Heard about this news on Ynet this morning:

Teddy Kollek, the legendary mayor of Jerusalem, lent a hand to the British authorities in their 1940s crackdown against right-wing underground movements that sought to drive the British out of Palestine, secret MI5 documents have shown.

Teddy was indeed a legendary mayor. He was Jerusalem. Patron of the Arts and actively engaged in consolidating the "Greater Jerusalem" concept. I never liked him. He was a snob of the first order. But he was also a Zionist who cared deeply about Israel.

This news is only a rubber stamp for what has always been known about this period of coallboration between the Jewish Agency and the British Mandate administration, labelled as the "Saison". There are no squeaky clean moral heros in this tale. Just leaders, deeply concerned about the future State of Israel doing some pragmatic thinking.

Here is what Wikipaedia has to say:

"The extremist Lehi group assassinated Lord Moyne in Cairo 1944. The two assassins, Eliyahu Hakim and Eliyahu Beit-Zouri were captured and executed. Though the Irgun joined the Jewish community of Palestine in condemning the murder, the Zionist leadership demanded that both separatist underground movements immediately disband. The Irgun refused. The Haganah initiated what is known as the Saison "The Hunting Season", in which it attempted to paralyze Irgun activity by arresting its members and turning them over to the British. Though many captured Irgun members were tortured, and some deported and even executed, Menachem Begin forbid them to fight the Haganah forces. The Irgun's costly determination to place the concern for national unity over the concern for its fighting ability or even the safety of its members gradually raised sympathies for the marginalized group, and serious disputes within the Haganah command. All in all, over 1000 members of the Irgun and Lechi were arrested and interred in British camps during the Saison. Several hundred were deported to camps in Kenya and Eritrea. "

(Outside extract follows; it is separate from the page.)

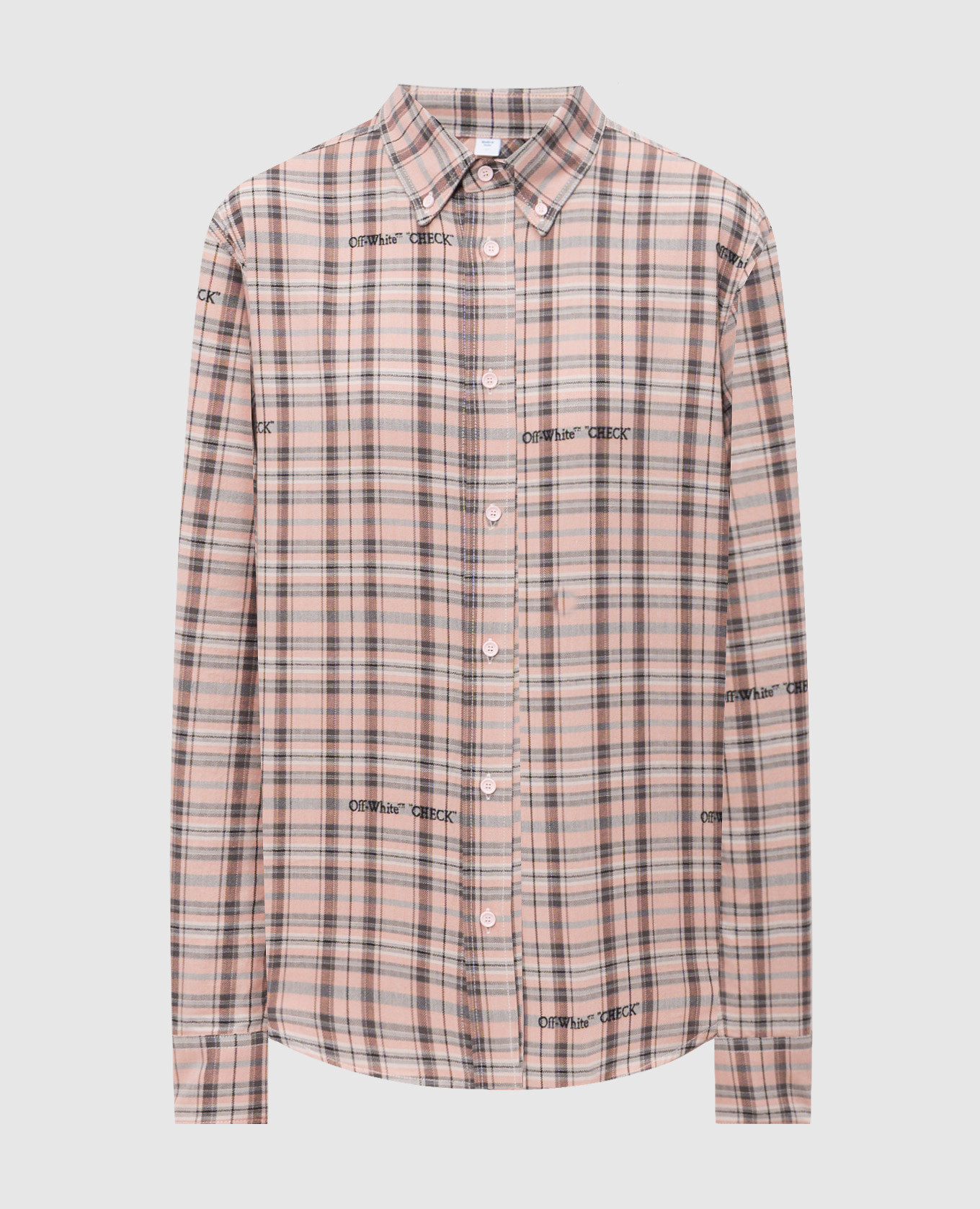 

Pink patterned shirt Off-White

Of course there is a great pain in the memory of that time. The Irgun thinking short-term (removing the Brits from Mandate Palestine) and the more conservative socialist leadership (funny combination that, isn't it?) worrying about the future international status of the State-to-be and its need for allies, if it wants to function as a nation among the nations.

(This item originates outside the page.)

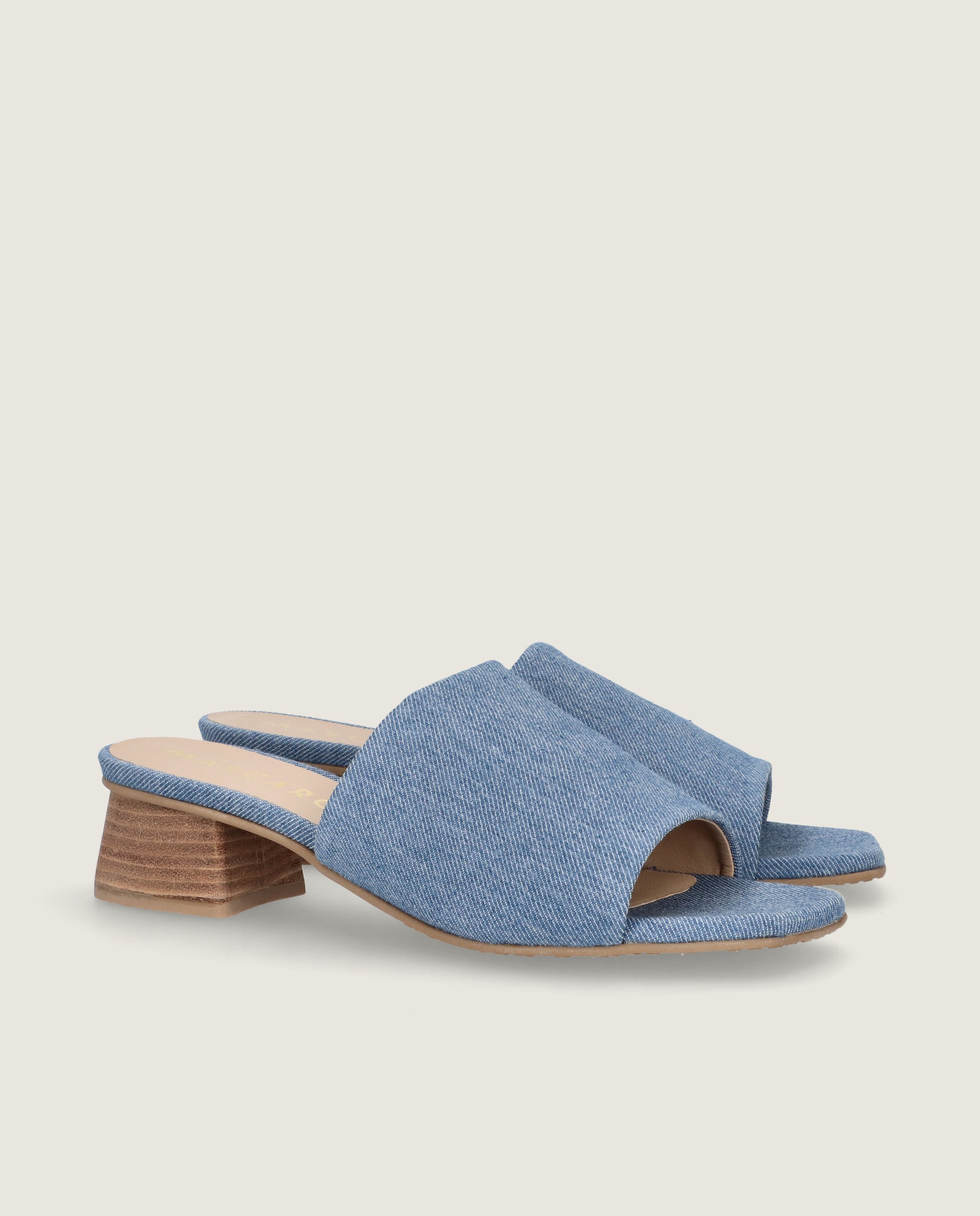 Imagen de Sandalias Cannes Azules Tejidos por Mascaro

So what the news does is nothing new except provide a name, an icon, to a policy during a time of great emotional upheaval and moral ambiguity. We must not forget the the years of the saison roughly correspond to the years of the Holocaust. The Yishuv's main concern was to bring about a change in British policy of prohibiting Jewish immigration. It could be seen as a policy of appeasement but its motivation must not be in doubt here.

And I'm not even sure the policy has not paid off, eventually. After all, Britain to this day, does not seem to hold the less salutary aspects of Israel's birth pains against it. Of all European countries, Britain is still Israel's best friend, second only to the US.